Writing a book about fat and dieting means when I see a related news story, I read it. I'm a contrarian when it comes to the idea that an "obesity epidemic" in the US is the fault of eeeevil Big Food corporations who sneak extra sugars and fats into our food and force us to buy it. My research convinces me that obesity isn't foisted on us, or grew because we're spoiled and lazy and victims of too many Cheetos flung in our faces. It's a much more complex phenomenon.
So I was amused to find a scolding Reuters piece distilling four Lancet articles about the state of the globe's obesity. Oh, we Americans are fat. Depending on who you believe, a quarter to a third of us are obese. And the world, too, is going to health hell in a breadbasket, warn researchers from Columbia University, as Reuters reports: "Due to overeating and insufficient exercise, obesity is now a growing problem everywhere and experts are warning about its ripple effects on health and health care spending."
A quarter of Brits, Canadians and New Zealanders are obese. Mexico boasts 30%, Chile and Ireland 22%. Iceland and Luxembourg 20%. Seventy-five percent of black women in South Africa are obese.

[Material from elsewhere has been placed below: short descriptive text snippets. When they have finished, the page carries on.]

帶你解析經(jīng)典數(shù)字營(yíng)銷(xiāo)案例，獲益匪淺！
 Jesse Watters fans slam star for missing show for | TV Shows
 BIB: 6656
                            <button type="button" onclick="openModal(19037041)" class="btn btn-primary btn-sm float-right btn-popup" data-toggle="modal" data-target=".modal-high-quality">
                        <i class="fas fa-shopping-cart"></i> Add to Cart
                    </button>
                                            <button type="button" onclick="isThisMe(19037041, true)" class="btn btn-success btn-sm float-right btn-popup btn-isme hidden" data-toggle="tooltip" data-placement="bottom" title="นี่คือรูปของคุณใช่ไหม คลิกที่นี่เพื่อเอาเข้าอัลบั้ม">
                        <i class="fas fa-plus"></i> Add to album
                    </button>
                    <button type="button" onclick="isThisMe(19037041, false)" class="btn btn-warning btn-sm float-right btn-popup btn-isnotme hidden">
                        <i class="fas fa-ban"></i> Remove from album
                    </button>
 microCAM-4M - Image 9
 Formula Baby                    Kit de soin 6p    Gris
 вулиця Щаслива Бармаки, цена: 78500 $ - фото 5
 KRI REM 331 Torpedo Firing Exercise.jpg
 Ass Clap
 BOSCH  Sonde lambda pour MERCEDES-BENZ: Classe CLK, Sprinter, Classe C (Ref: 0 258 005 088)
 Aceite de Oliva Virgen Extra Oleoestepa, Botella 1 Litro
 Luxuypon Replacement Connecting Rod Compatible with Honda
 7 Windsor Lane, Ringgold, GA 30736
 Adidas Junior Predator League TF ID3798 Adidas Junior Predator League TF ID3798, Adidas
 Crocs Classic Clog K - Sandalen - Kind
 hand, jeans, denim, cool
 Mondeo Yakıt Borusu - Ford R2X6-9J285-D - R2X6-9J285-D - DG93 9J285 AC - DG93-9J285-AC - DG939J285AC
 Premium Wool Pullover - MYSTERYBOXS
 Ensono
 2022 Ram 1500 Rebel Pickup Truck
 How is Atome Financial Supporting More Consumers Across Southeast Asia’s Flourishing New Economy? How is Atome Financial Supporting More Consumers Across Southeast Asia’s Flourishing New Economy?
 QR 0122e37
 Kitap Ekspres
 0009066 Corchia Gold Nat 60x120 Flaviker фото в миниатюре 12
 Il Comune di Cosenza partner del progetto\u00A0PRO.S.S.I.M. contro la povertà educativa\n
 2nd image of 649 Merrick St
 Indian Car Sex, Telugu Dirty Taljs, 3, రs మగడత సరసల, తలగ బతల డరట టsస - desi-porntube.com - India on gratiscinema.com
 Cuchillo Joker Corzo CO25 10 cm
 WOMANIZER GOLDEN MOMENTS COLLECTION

Then there's the South Seas island of Tonga, where ninety percent of the population is obese. Must be all that fast food. Must be the Cheetos and eeevil Big Food Corporations. We in America are exerting pressure, and threatening legislation, to force food-makers to make products healthy. Must Tongans more urgently do the same?
An interesting article in The Guardian explains Tongan's source of flab: they like to eat fatty meat. Roast pig is a great treat. Corned beef is an everyday staple. They eat the taro root and yams they grow there. And they value heft as beauty.
I don't know obesity trends in Tonga, but are we to believe that its citizens have only recently fattened into obesity, just as we in America are almost daily alarmed by new studies warning that we're inflating and soon to bust?
Except that it's not true. Women's obesity rates in America stopped swelling a decade ago. While at significantly higher rates than 1980, when the stats climbed after little change since records were kept, obesity figures have even dropped slightly since the overall peak six years ago.
Also, US obesity rates have risen in tandem with an increases in life expectancy. Correlation does not imply causation, but isn't that an interesting co-incidence? Paul Campos, in The Obesity Myth, discusses the lack of evidence that rising body weights can be blamed for disease. In fact, being overweight is associated with longest life and best health outcomes.
That's why the headline "Half of Americans to be Obese by 2030" makes me chuckle, though I'm sure it makes many well-meaning folk gag. First off, we're not on a trajectory to balloon endlessly. And secondly, the admonition that our horrendous food options and choices are for sure the cause of obesity (along with the eeeevil computer that keeps us sedentary) is simplistic and unproven, and after all these years of mandatory health education, ineffective in changing the fat of the land.
Very interesting. Thanks for posting.